まさか、発熱するなんて思わないじゃんか。



しかも、

せっかくのデートの日にだよ?

(久しぶりなのにな、会うの。)



つか、

彼の誕生日なんですよっ。

(誕生日祝いたかったな。)





朝起きた時に体が重すぎて、

体温計を何とか探して、

熱を図った。



数字を見て、

もう笑うしか出来なかった。



(昨日、仕事めちゃくちゃ頑張ったのにな。)



会社に電話入れて。

太郎には、メールを送った。

(ごめん、今日会えなくなっちゃった。)



メールを送信したら、

体が弱ってるせいか、

何故だか涙が流れて来た。















ピンポーン。



ピンポーン。



(え?!)



がちゃがちゃ。



「 雪枝ー?」



太郎の声が聞こえた。



「 居る?」



目の前に人影。

ぼんやり映る。



「 なに、風邪?」



「 太郎?」



「おう。」



「おめでとう。」



「は?」



「今日、誕生日じゃん。」



「 そーやけど。」



「ケーキ、食べる?」



話していく内に目が覚めてきて、

勢いよく起き上がろうとした私を太郎は慌てて支えた。



「 ケーキって、お前なぁ。
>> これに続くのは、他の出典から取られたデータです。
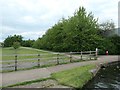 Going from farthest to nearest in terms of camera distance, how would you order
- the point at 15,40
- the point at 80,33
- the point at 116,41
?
the point at 15,40, the point at 116,41, the point at 80,33

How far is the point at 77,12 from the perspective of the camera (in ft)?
127

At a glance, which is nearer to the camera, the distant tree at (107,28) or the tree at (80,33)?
the tree at (80,33)

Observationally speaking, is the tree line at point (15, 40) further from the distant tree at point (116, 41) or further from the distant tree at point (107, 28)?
the distant tree at point (116, 41)

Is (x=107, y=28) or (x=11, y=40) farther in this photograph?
(x=11, y=40)

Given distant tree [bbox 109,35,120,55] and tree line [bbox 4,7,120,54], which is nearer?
tree line [bbox 4,7,120,54]

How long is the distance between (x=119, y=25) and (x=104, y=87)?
132ft

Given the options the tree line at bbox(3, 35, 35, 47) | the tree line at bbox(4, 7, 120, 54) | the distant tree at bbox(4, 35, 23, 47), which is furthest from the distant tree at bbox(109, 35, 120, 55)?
the distant tree at bbox(4, 35, 23, 47)

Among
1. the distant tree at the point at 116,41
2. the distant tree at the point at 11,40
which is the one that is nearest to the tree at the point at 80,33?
the distant tree at the point at 116,41

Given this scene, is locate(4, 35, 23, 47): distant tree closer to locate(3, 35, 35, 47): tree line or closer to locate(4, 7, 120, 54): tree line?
locate(3, 35, 35, 47): tree line

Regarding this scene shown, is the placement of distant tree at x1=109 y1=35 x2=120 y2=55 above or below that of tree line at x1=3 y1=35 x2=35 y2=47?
below

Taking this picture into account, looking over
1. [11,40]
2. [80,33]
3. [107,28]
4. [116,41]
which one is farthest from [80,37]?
[11,40]

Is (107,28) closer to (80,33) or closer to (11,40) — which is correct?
(80,33)

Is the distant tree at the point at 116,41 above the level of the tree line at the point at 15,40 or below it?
below

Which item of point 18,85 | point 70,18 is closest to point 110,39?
point 70,18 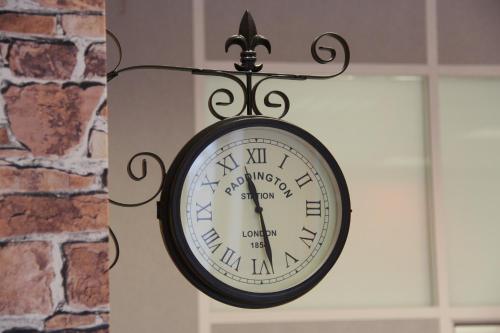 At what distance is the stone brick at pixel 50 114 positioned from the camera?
1.07 metres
」



「 ん?」





「 人の誕生日祝う前に、自分の体調まずどーにかしろや。」



太郎の真っ直ぐな目。

ぎゅって抱きついた。



「 なにー?」



「んー、会いたかった。」



「なんや、淋しかったんか?笑」



「 淋しいよ。」



なんでかな?

思ってる事すらすら言えちゃう。

甘えたい気分。



「 ごめんな。」



「大丈夫。」



んーって唇に唇を重ねた。

意識が朦朧とする中、

私はとりあえずちゅーしてた。



「 太郎すき 。」















目が覚めたら真っ暗だった。

枕元にある携帯を開いてみると、もう十二時だった。

(私、寝ちゃったんだ。)



手になんか感触があってみてみると、

太郎の手だって。

(ずっと、居てくれたんだ。)



太郎の髪を撫でながら、

寝顔を見つめてた。

(可愛い。)





ゆっくり寝たら、

熱は多分下がったはず。

(太郎に風邪うつらないといいけど。←)





「 誕生日おめでとう。」

(1日遅くなるけど、御祝いするからね。)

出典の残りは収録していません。